What to work on:
The records are set out below this line. Return exactly the lines from the one containing "乌兰察布无创DNA亲子鉴定所在哪里" through the last, and exclude the pictures.

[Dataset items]

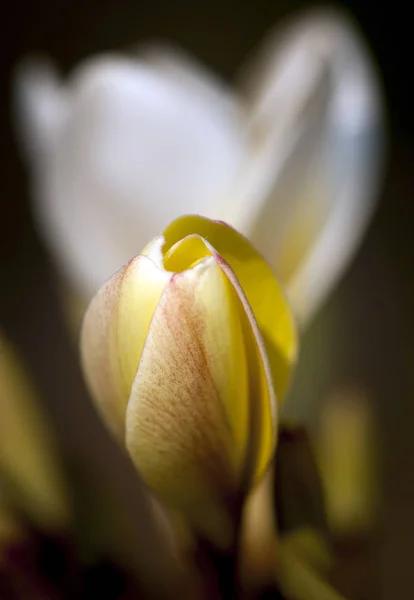 Цветы Frangipani Аромат Хорошее Настроение Приятный Запах Стоковое Фото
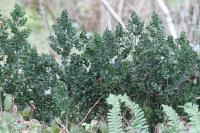 Ruscus aculeatus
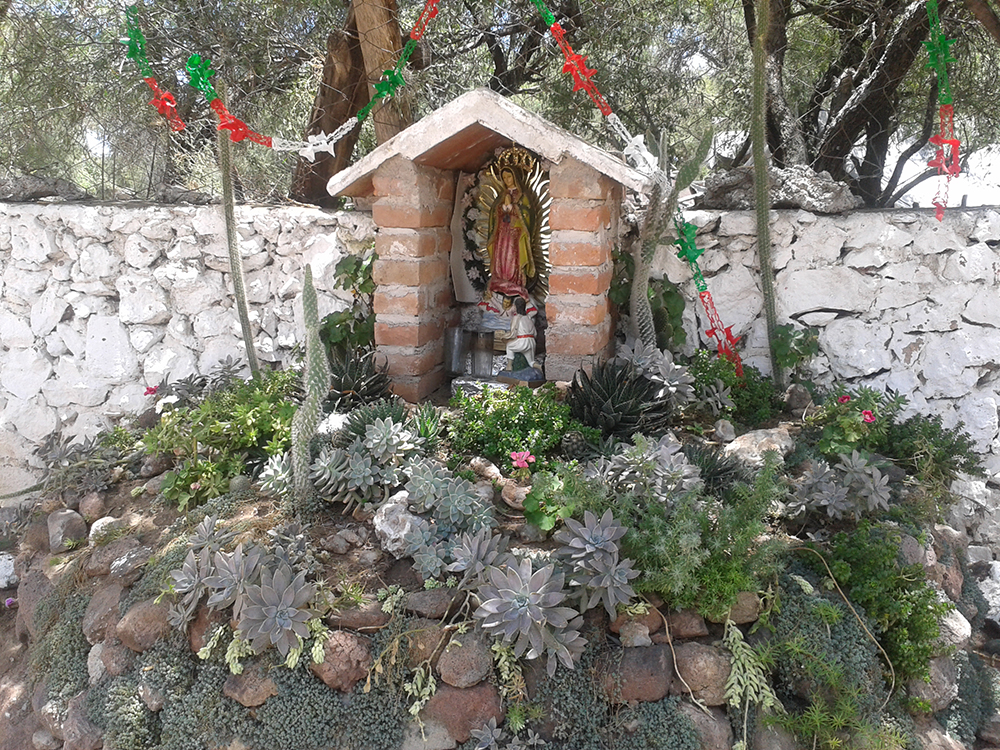 Ejido Estancia de San Miguel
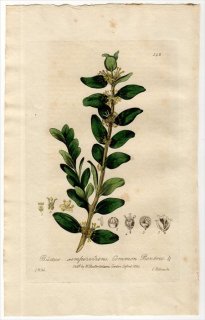1835ǯ Baxter British Phaenogamous Botany Pl.142 ĥ ĥ° 襦ĥ BUXUS SEMPERVIRENS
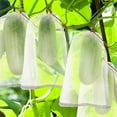 thumbnail image 4 of 50 Pieces Grapes Fruit Protection Bag. Reusable Fruit Organza Bag Mesh Mesh Bags, 4 of 5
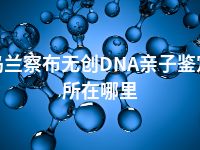乌兰察布无创DNA亲子鉴定所在哪里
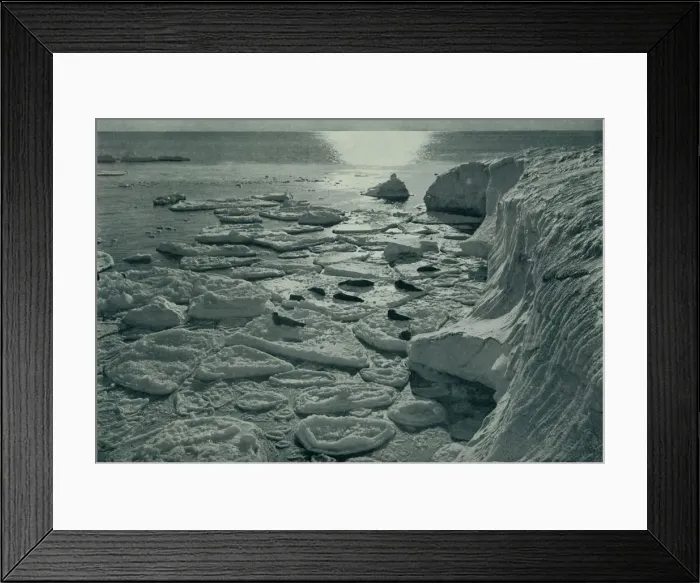 Framed Print : Seals Basking on Newly Formed Pancake Ice Off Cape Evans, c1910-1913, (1913) Framed Print : Seals Basking on Newly Formed Pancake Ice Off Cape Evans, c1910-1913, (1913)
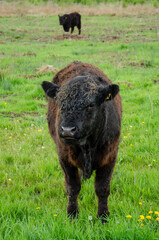 cow in the meadow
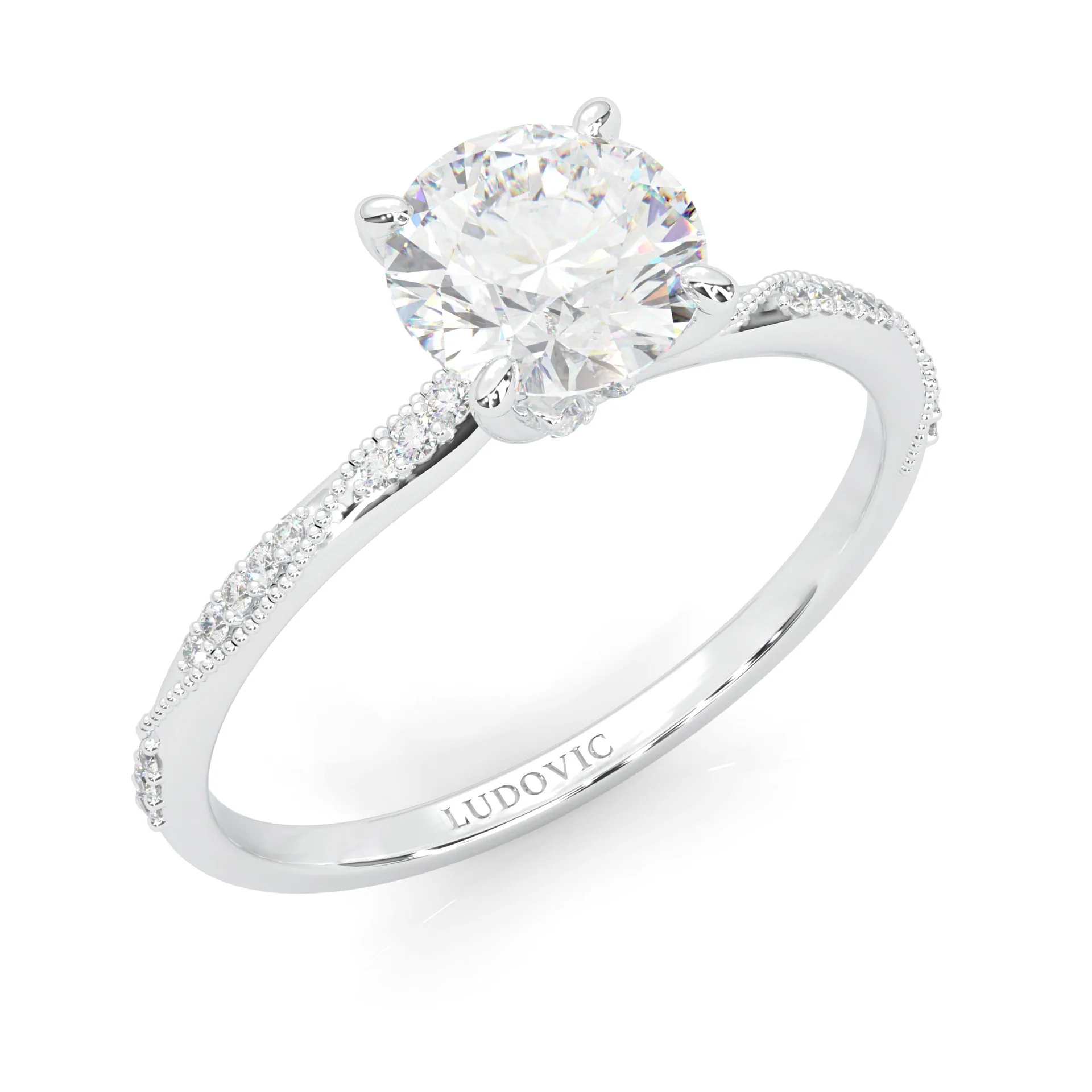 Hidden Twigs Moissanite Engagement Ring (14k Solid Gold) - Image 4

Solution for this problem:
乌兰察布无创DNA亲子鉴定所在哪里
 Framed Print : Seals Basking on Newly Formed Pancake Ice Off Cape Evans, c1910-1913, (1913) Framed Print : Seals Basking on Newly Formed Pancake Ice Off Cape Evans, c1910-1913, (1913)
 cow in the meadow
 Hidden Twigs Moissanite Engagement Ring (14k Solid Gold) - Image 4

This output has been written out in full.